Stressed workers at three UK government departments took the equivalent of more than 125 years off sick last year. Staff at the Home Office, Department for Education and the Department for Communities and Local Government (DCLG) were absent for more than 46,000 days due to stress, anxiety or depression.
The Daily Mail reports that 30 million workers in Britain took a total of 15.2 million days off work for depression, anxiety and stress last year.
Employees across all sectors took an average of 0.5 days off due to the disorders, but the rates in government departments are much higher.
Staff at the DCLG and the Department for Education took an average of 1.8 days off, almost four times the national average.
This figure has also risen in the past five years, despite cuts in staff numbers.

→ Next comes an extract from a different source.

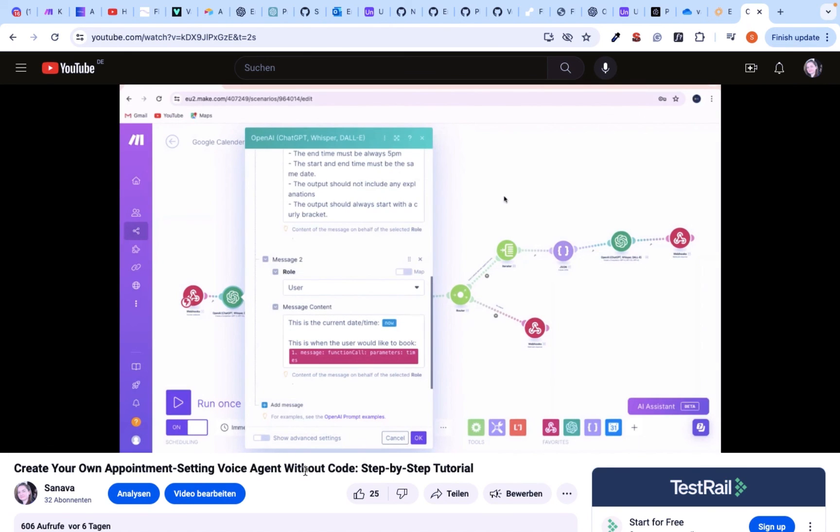If you're interested in creating an AI voice agent that is able to book appointments, then watch this tutorial and subscribe to the channel so you don't miss any updates.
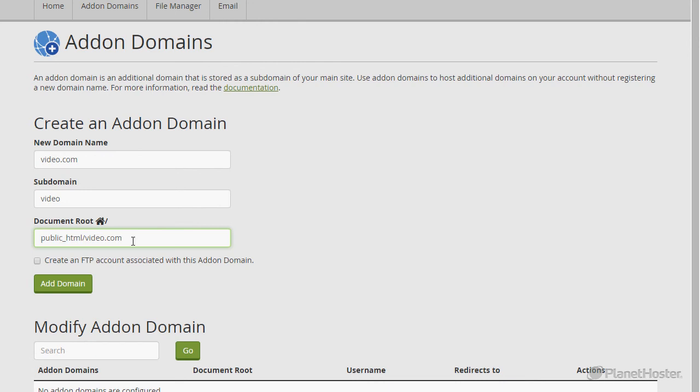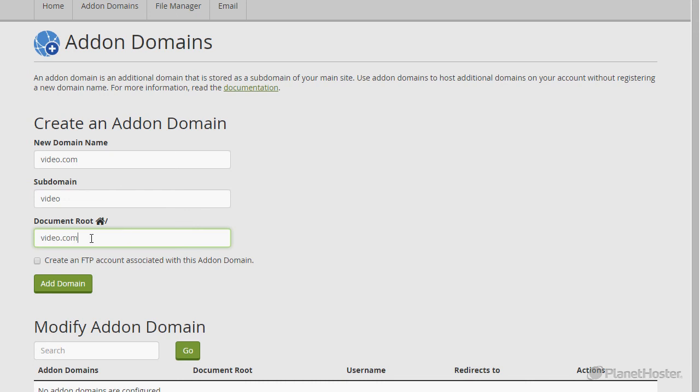I suggest you erase the public HTML folder from the document root field. This is going to put your new domain into its own directory out of the public HTML folder.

A DCLG spokesman told the Daily Mail: “The civil service considers the long-term health of its staff to be of paramount importance.
“In April 2013 the Department introduced a new comprehensive policy for managing long-term sickness absence and offers a number of wellbeing services to staff.”
Staff at the Home Office, headed by Home Secretary Theresa May, took off a total of 37,950 days due to stress, anxiety of depression in 2012-13, and 45,182 in 2011-12. This includes people working at the central department and its outside branches, such as the UK Border Agency.
The ministry yesterday claimed the statistics were ‘unreliable’ because the recording of reasons for being off work had not been ‘standardised’ across departments.